ANTONIO DELFIM NETTO, hoje na FOLHA DE S. PAULO, escreve sobre “Incertezas”.
Uma boa parte das divergências de diagnóstico entre os economistas brasileiros refere-se às incertezas sobre como distinguir, inequivocamente, se estamos diante de um excesso de demanda sobre a oferta global, corrigível pelo corte da demanda (aumento da taxa de juros real), ou se estamos diante, por exemplo, de desajustes setoriais que podem ser produzidos:
1º) Pelo excesso do uso de regulação;
2º) Por excesso de proteção;
3º) Por modificações na estrutura do mercado de trabalho superáveis apenas com o tempo e através de alterações nos preços relativos.
Estes não podem ser corrigidos apenas pela manobra da taxa de juros. Precisam de forte apoio de medidas que deem aos agentes econômicos os incentivos adequados para ajustarem-se.
Os primeiros devem ser corrigidos pela redução da interferência do poder público que, frequentemente, aumenta os riscos dos investimentos privados. Os segundos devem ser tratados com reduções tarifárias. Os terceiros, com rápido e substancial esforço de qualificação da mão de obra.
Desequilíbrios setoriais podem ocorrer sem que sejam "prova" irrefutável da existência de profunda divergência entre a oferta e a procura globais ou de um nível de desemprego incompatível com a estabilidade monetária.

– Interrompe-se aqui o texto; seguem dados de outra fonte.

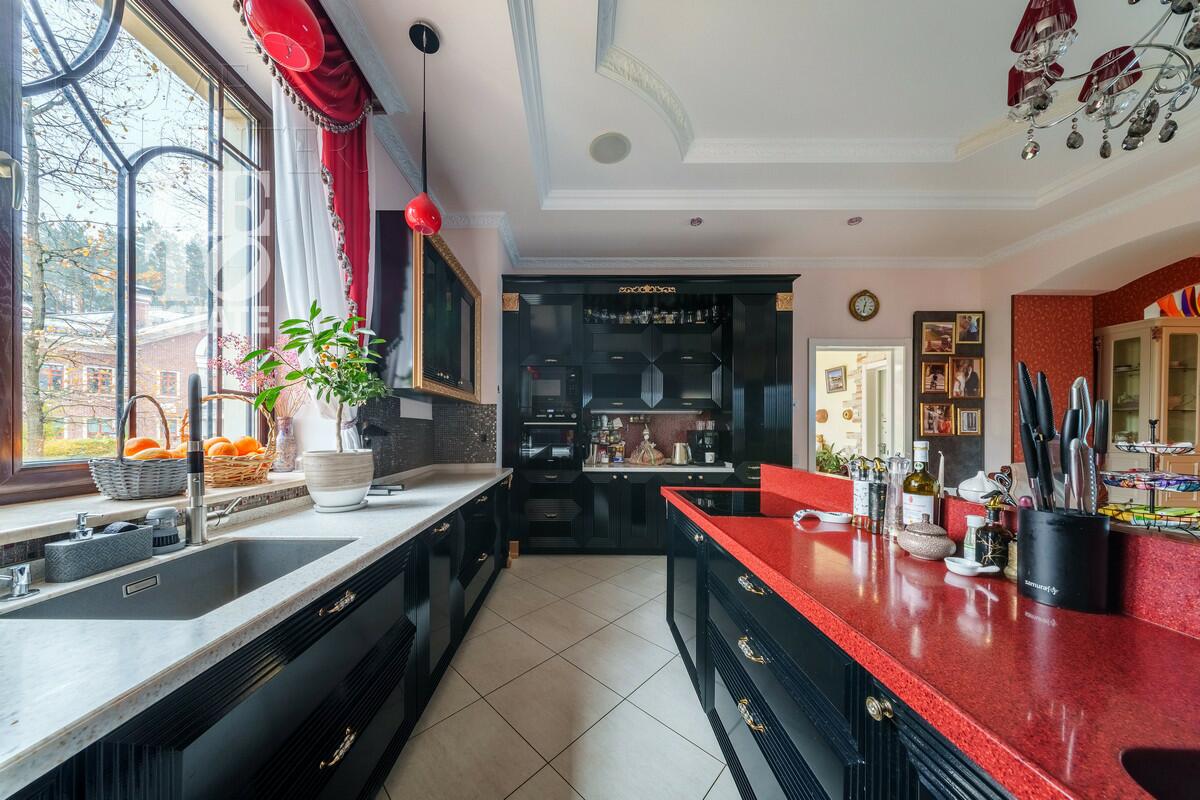 2-этажный коттедж 1 100 м² с отделкой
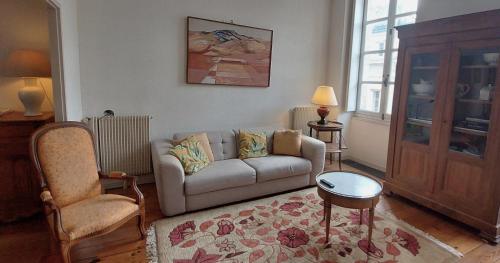 Grand appartement 2 chambres - Hyper centre Bordeaux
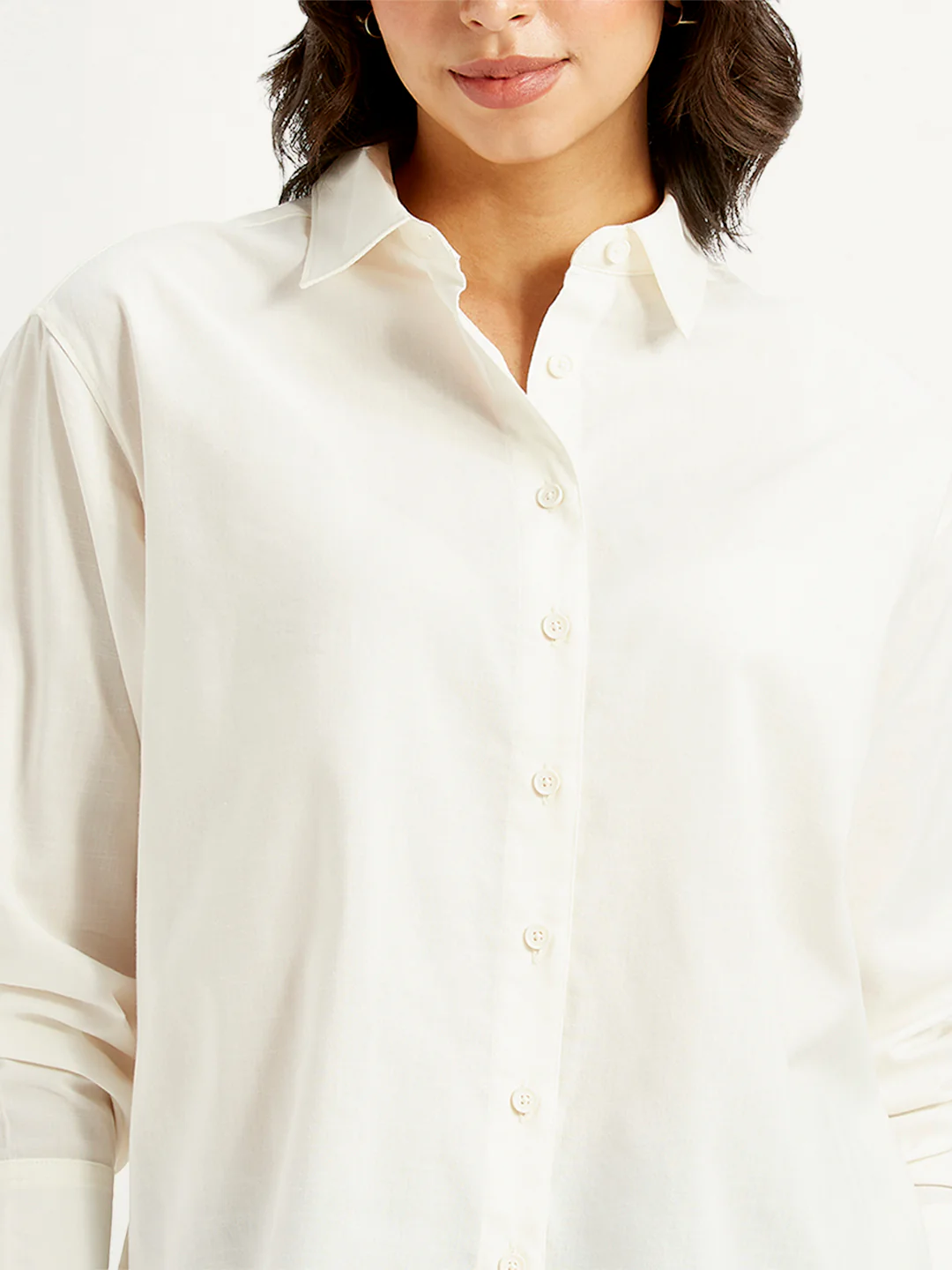 Women's Solid Relaxed Fit Shirt - Image 4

São condições em que se exigiriam cortes da demanda pública (despesas) e da demanda privada (aumento da taxa de juros real).
Tentar corrigi-los apenas com o uso desses instrumentos resultará em enorme e desnecessário custo social.

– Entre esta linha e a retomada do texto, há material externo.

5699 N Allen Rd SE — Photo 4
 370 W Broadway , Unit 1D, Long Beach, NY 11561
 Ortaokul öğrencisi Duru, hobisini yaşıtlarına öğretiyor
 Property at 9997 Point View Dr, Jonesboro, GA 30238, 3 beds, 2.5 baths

Por exemplo: o tumulto que tem acompanhado o problema dos aeroportos é sinal inequívoco de excesso de demanda global? Ou é apenas o efeito da falta de investimento privado no setor, consequência de um perverso mecanismo de intervenção estatal?

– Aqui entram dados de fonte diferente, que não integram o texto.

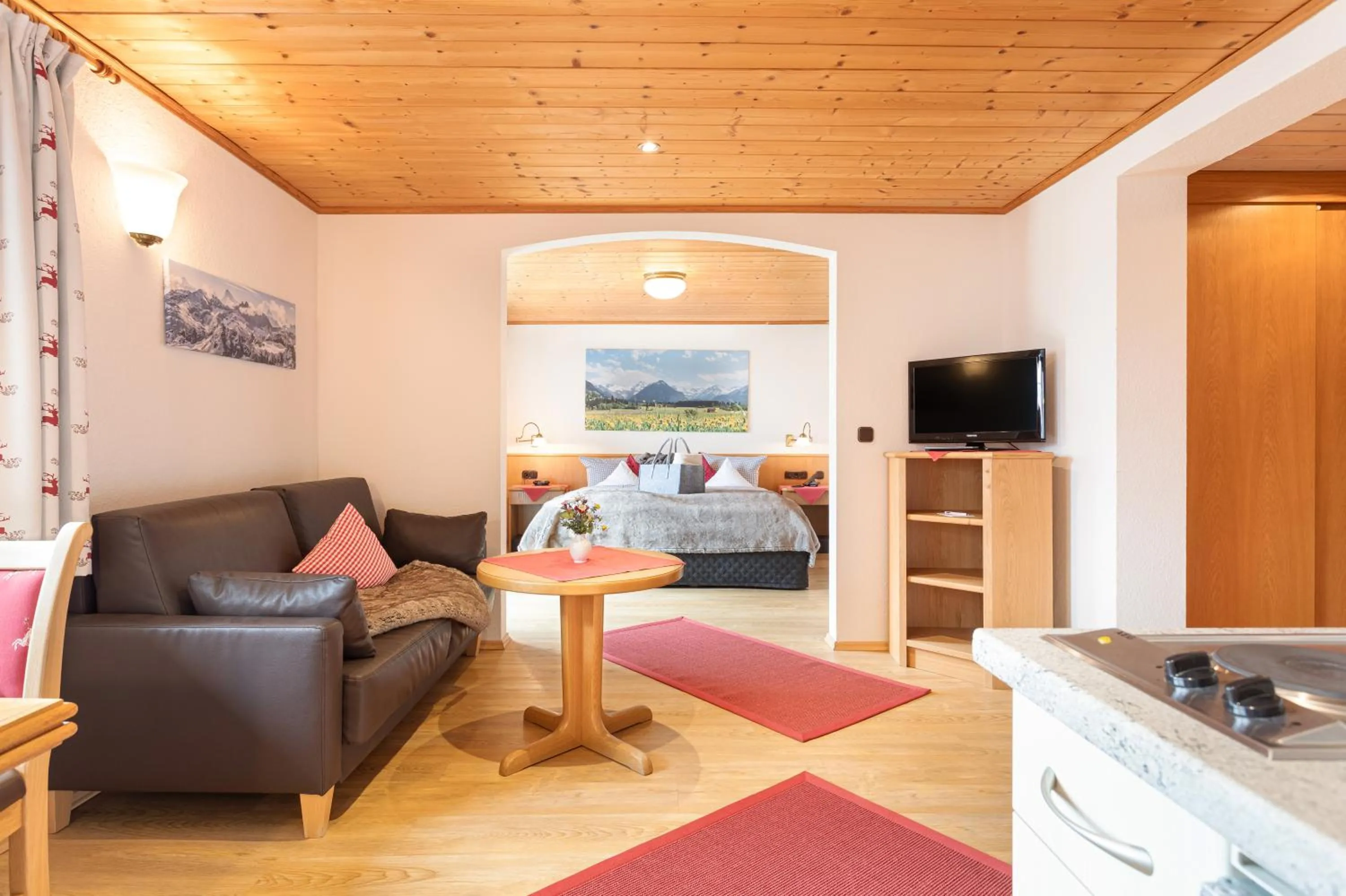 Familien- und Wellnesshotel "Landhaus Viktoria"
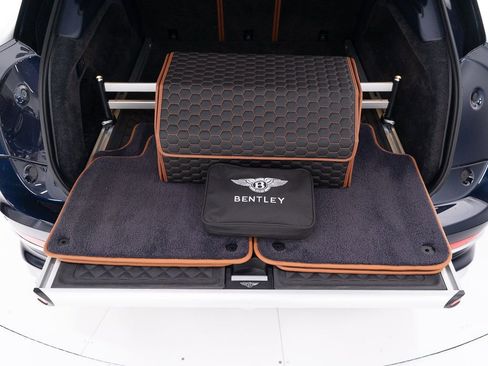 Used 2023 Bentley Bentayga Extended Wheelbase AWD/4WD image 46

Tal intervenção foi surpreendida pela modificação da estrutura da demanda gerada por um aumento de renda não compensado por uma modificação de preços relativos entre o transporte rodoviário e o aéreo, ambos sujeitos a "subsídios".
Deve ser corrigido por uma redução do bem-estar geral com aumento da taxa de juros real? Ou com medidas que o liberem do excesso de regulação e deem confiança ao investidor privado para estimular a oferta?
Em princípio, o Banco Central só tem um instrumento, a taxa de juros de curto prazo, com que ele espera manobrar a de longo prazo e controlar o consumo e o investimento.
O mundo é mais complicado do que parece. Há sérias dúvidas de que o BC possa fazê-lo sem o suporte da política fiscal e de medidas monetárias não convencionais.